__YOUR ASSIGNMENT__:
Scan the entries below. Report each line where the string "Picture" occurs.

__THE INPUT__:

* * * * *

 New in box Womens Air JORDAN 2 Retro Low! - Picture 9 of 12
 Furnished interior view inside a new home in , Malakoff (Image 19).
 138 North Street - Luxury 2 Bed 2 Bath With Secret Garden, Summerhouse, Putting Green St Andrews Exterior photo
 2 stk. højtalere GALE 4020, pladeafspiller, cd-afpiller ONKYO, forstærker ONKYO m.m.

* * * * *

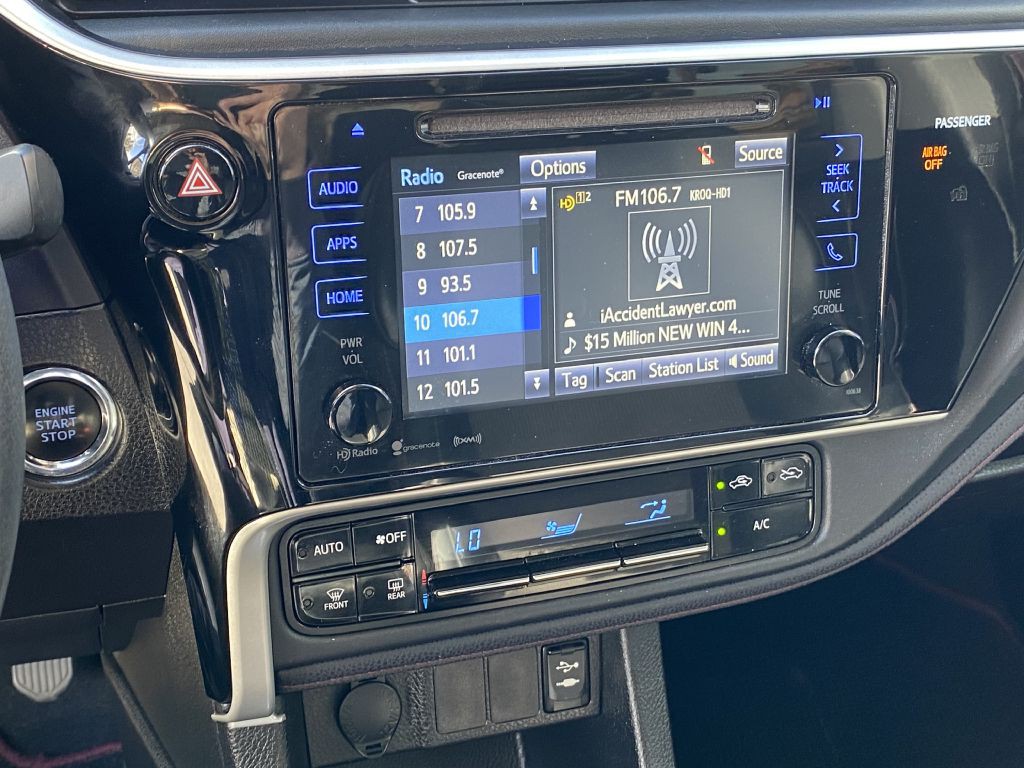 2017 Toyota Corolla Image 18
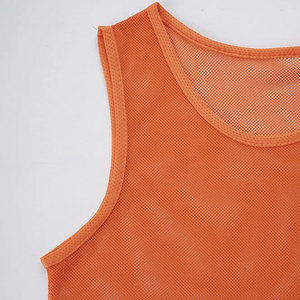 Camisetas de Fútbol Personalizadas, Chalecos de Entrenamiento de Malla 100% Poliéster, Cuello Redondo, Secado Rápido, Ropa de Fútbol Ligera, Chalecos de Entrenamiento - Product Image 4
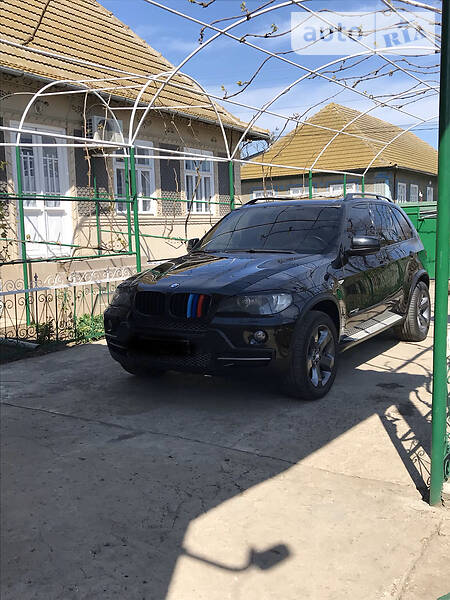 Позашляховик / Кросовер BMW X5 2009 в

* * * * *

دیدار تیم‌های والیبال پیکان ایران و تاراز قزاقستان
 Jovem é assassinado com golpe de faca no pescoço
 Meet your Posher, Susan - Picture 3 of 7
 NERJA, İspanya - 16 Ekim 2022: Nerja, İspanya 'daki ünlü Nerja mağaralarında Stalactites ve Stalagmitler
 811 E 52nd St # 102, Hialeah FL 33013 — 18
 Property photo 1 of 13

* * * * *

__OUTPUT BELOW__:
 New in box Womens Air JORDAN 2 Retro Low! - Picture 9 of 12
 Meet your Posher, Susan - Picture 3 of 7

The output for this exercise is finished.